» Recorded data
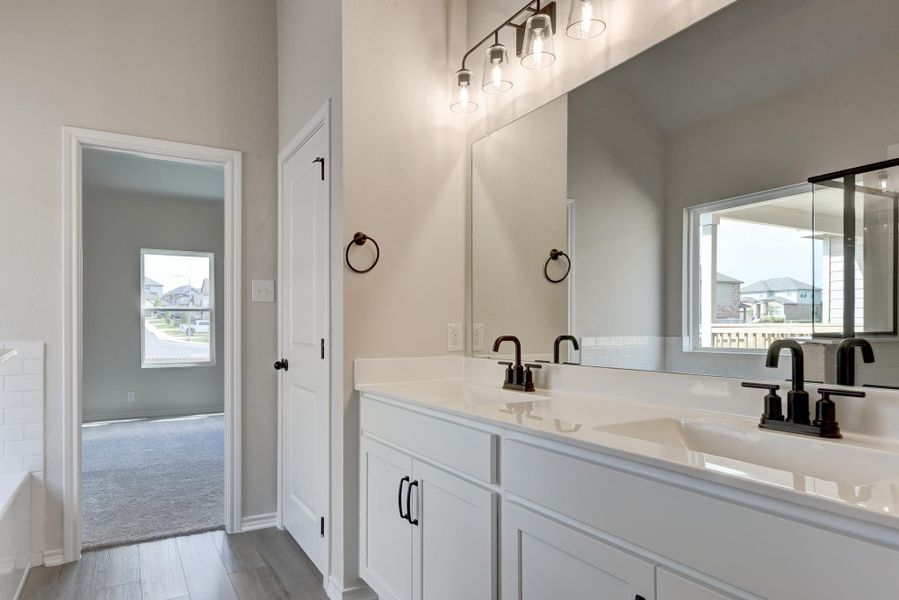 Representative furnished interior of a home built from the Sage by Ashton Woods in Arcadia Ridge, San Antonio (Image 6).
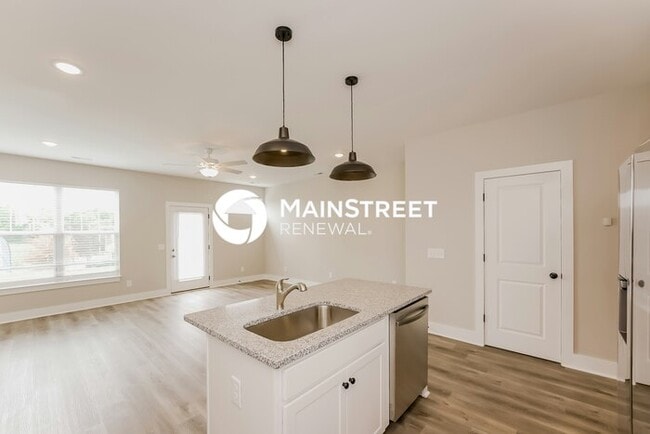 Building Photo - 3 Bedroom Pet-Friendly Home in Gallatin, TN with Main Street Renewal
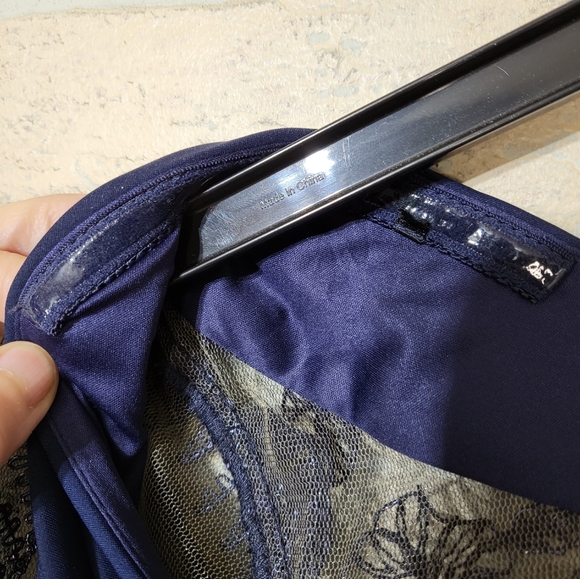 TADASHI SHOJI TWIST TOP EMBROIDERED MESH CREPE LONG DRESS DARK BLUE - Picture 5 of 8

» Problem statement
Exactly as written, return every line of the listing, but not the pictures.

» Response below
 Representative furnished interior of a home built from the Sage by Ashton Woods in Arcadia Ridge, San Antonio (Image 6).
 Building Photo - 3 Bedroom Pet-Friendly Home in Gallatin, TN with Main Street Renewal
 TADASHI SHOJI TWIST TOP EMBROIDERED MESH CREPE LONG DRESS DARK BLUE - Picture 5 of 8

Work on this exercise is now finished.